• **WHAT TO DO**
All lines from the one bearing "Rieker Halbschuh beige" through the end of the data below must be printed exactly as they stand, with pictures removed.

————

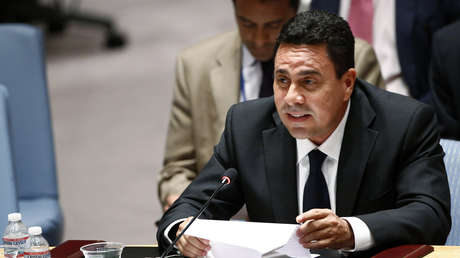 Venezuela: Nicolás Maduro nombra nuevo canciller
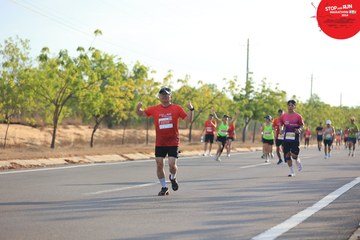 STOP AND RUN MARATHON 2024 - Ảnh #2089724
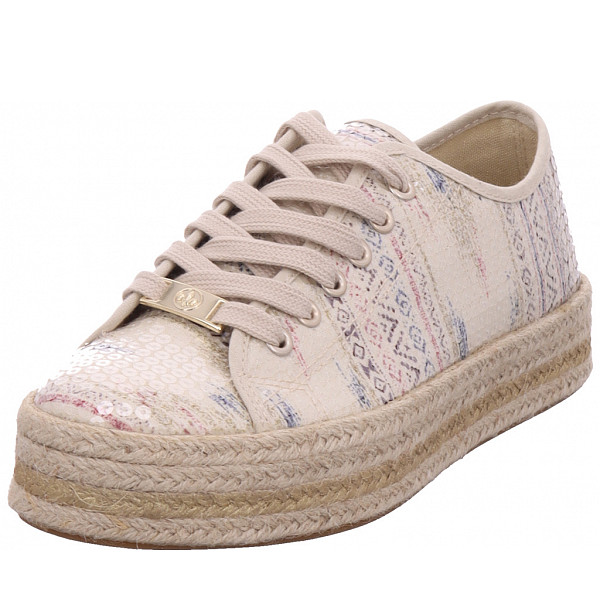 Rieker Halbschuh beige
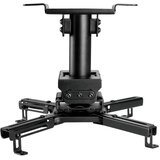 4World Neomounts CL25-530BL1 Beamer ceiling mount - h 25,5 cm - easy-install - full motion Cijene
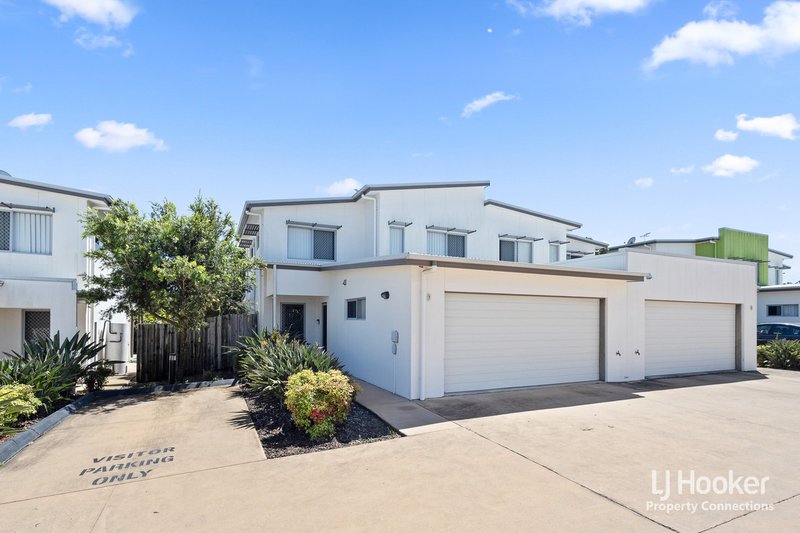 7/51 Lacey Road, Carseldine QLD 4034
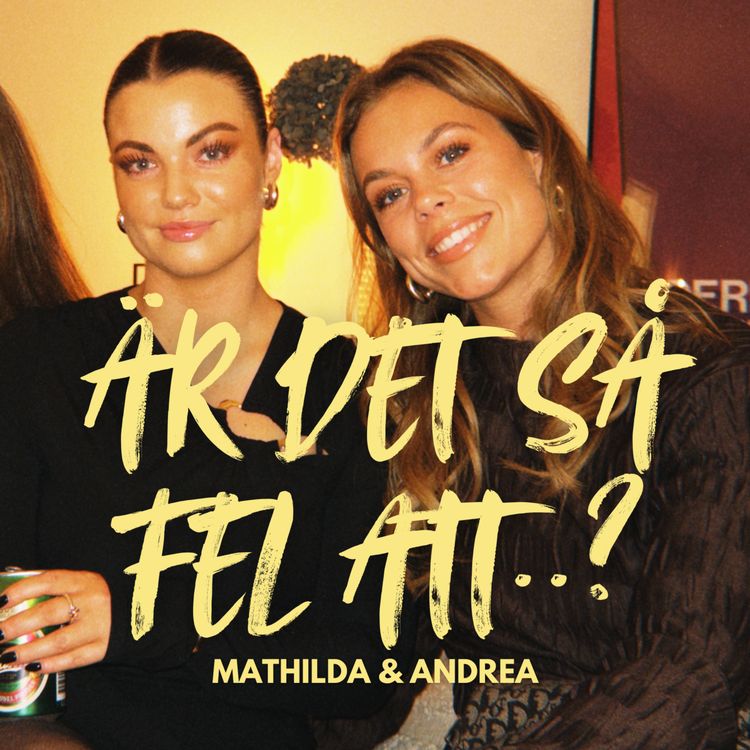 cover art for 552. Är det så fel att..?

————

• **OUTPUT FOR THIS EXERCISE**
 Rieker Halbschuh beige
 4World Neomounts CL25-530BL1 Beamer ceiling mount - h 25,5 cm - easy-install - full motion Cijene
 7/51 Lacey Road, Carseldine QLD 4034
 cover art for 552. Är det så fel att..?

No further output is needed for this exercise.